- **Required work**
Reproduce only this stretch of the listing below: from the line with "第19章：我不喜欢这样10" through the line with "定制领付款凭证领款单付款凭证会计付款凭单领款用款申请单支出领", exactly as written, with pictures excluded.

- **Study material**

· · · · ·

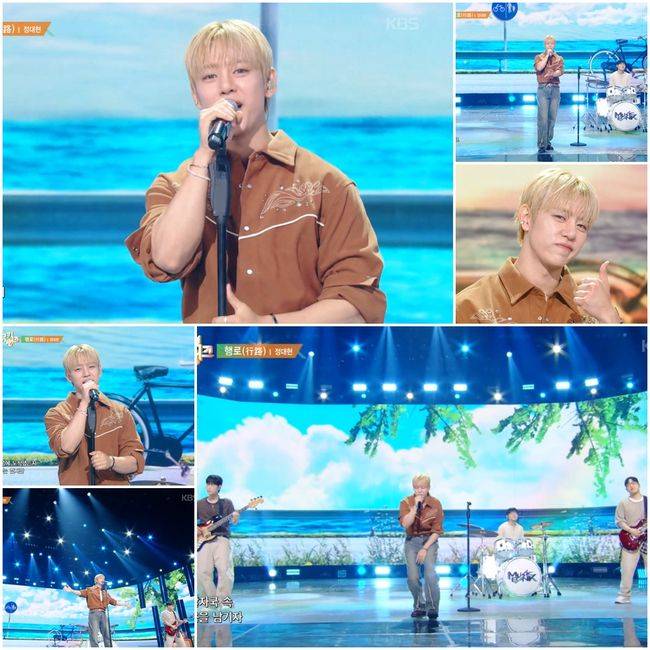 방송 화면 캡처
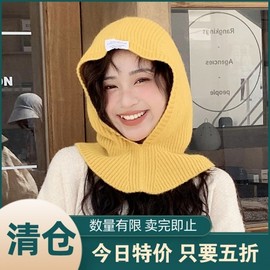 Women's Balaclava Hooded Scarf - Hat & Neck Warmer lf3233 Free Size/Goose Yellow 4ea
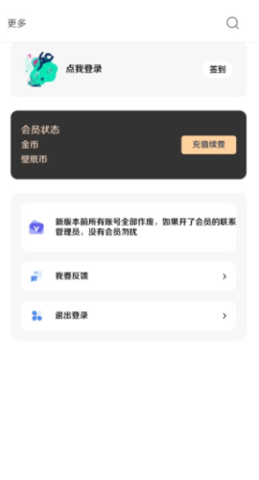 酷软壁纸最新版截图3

· · · · ·

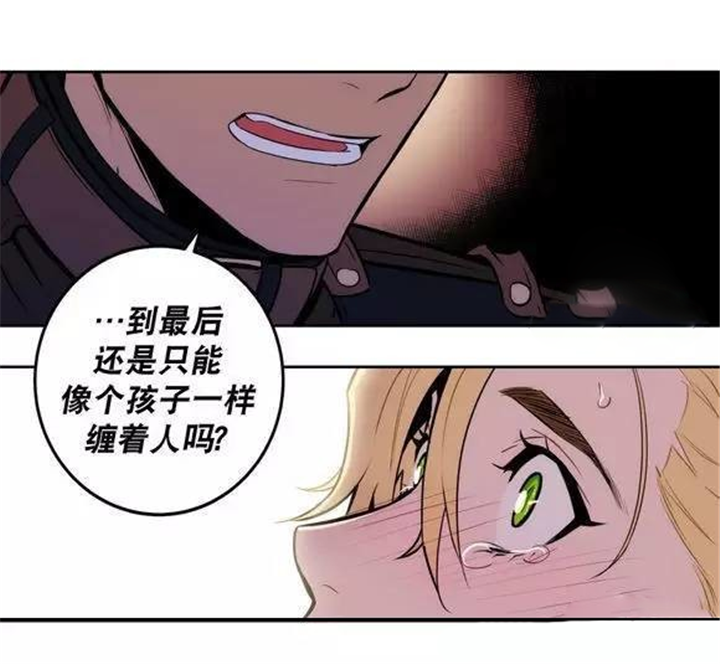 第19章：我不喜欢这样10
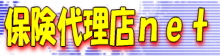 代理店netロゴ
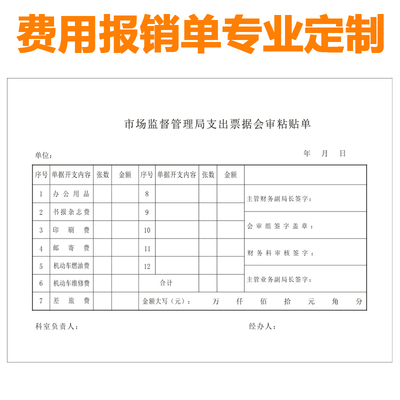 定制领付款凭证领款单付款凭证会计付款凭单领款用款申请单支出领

· · · · ·

- **Response for this exercise**
 第19章：我不喜欢这样10
 代理店netロゴ
 定制领付款凭证领款单付款凭证会计付款凭单领款用款申请单支出领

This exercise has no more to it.